= Käthe Sasso =

Austrian child resistance activist (1926–2024)

Käthe Sasso (/de-at/; ; 18 March 1926 – 14 April 2024) was an Austrian child resistance activist during World War II. As a concentration camp and death march survivor, she wrote several works that chronicle her experiences during Nazi rule in Germany.

==Early childhood==
Smudits was born on 18 March 1926 in Vienna. Austria had been the focus of a multicultural empire until 1918: like many of her generation Käthe Smudits grew up bilingual. Her early childhood was spent in the little village of Nebersdorf with her grandmother, an ethnic Croat, in Burgenland, to the south of Vienna. When the time came to go to school she moved to live with her parents, Agnes and Johann Smudits, back in Vienna. The so-called self-elimination of the Austrian Parliament in March 1933 had eerie parallels with developments in Germany following the régime change in Berlin a couple of months earlier.
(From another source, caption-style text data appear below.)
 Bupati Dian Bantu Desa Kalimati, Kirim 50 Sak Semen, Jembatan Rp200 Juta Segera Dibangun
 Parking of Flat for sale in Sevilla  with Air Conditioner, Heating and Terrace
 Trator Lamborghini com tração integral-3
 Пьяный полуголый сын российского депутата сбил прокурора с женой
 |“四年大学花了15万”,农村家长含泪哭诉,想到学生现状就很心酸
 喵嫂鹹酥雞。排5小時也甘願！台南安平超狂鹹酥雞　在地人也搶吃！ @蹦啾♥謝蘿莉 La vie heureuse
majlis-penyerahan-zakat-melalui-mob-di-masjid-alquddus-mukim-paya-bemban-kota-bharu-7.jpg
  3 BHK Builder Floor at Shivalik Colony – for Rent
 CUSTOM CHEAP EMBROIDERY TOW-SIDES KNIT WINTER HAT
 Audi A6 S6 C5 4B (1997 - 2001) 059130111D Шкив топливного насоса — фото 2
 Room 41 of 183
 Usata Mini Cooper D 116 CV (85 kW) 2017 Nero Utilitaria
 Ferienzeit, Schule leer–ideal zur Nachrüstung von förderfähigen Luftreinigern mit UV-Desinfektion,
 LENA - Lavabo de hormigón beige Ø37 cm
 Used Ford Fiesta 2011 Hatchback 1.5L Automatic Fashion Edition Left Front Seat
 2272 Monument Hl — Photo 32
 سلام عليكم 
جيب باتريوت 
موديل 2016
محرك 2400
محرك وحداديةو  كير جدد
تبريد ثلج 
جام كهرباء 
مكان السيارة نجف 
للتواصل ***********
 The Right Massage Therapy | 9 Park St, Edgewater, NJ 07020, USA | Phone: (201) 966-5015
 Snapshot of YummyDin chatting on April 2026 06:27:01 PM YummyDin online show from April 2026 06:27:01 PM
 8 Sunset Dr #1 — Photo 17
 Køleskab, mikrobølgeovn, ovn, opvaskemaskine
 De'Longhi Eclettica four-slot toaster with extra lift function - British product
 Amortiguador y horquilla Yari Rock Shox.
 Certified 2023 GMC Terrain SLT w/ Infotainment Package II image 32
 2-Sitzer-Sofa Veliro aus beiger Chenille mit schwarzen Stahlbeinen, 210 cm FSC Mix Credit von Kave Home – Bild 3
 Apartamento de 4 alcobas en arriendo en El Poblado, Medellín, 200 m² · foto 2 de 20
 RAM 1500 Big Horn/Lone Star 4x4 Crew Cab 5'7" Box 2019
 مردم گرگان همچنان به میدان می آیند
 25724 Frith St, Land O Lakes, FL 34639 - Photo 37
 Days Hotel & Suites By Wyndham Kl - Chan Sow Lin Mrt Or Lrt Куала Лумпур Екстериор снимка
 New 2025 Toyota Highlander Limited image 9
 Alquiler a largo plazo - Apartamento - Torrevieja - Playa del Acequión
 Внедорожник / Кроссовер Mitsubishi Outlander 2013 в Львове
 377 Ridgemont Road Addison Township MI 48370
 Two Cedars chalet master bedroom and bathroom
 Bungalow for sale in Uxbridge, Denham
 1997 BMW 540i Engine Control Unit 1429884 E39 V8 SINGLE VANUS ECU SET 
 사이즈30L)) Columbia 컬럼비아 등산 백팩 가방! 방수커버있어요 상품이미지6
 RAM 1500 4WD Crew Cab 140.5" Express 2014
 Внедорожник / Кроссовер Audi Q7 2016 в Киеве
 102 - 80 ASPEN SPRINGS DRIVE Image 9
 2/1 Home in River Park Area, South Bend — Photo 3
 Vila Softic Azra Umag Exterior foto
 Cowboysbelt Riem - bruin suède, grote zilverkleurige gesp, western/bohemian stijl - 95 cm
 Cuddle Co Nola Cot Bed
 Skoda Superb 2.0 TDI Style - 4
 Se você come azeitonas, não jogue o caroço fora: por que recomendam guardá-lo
For many Austrians the 1920s, culminating in exacerbation of the austerity that had followed military defeat in 1918, had been a difficult and disappointing decade, and in 1933 there was a widespread hope that a post-democratic future under Austrofascism could hardly be worse. But there were others, mostly on the political left, who were appalled by the loss of democracy and the populist racism that accompanied it. Agnes and Johann Smudits were both politically committed, in opposing both Austrofascism and, after the annexation of 1938, the National Socialist ("Nazi") dictatorship. In their little apartment in south-central Vienna (10th district) resistance fighters were frequent guests. Because political opposition was becoming illegal, anti-government activists were increasingly forced to operate in secret and beyond the confines of mainstream society. Even as a young school girl Käthe was involved in the production of political leaflets for "distribution" in the city (for instance through being left on trains at the station near their home or on public benches along the streets or in parks).

===Austrofascism===
In February 1934, the brief but savagely repressed Austrian uprising was both a response to the cancellation of parliamentary democracy the previous year and a precursor to further repression of political opposition. Johann Smudits had participated in the uprising as a "Schutzbündler" (Social Democratic paramilitary) and was arrested as the uprising was put down. He was released after four weeks, but banished from living in Vienna with his wife and child. He was so disappointed by the irresolute reaction of the Social Democratic party leadership to the imposition of Fascist-style dictatorship that he switched his party allegiance to the Communist Party, which was also illegal, but had been preparing for "underground" operations since the mid-1920s, so became a focus for most of the still active left-wing government opponents in post-democratic Austria.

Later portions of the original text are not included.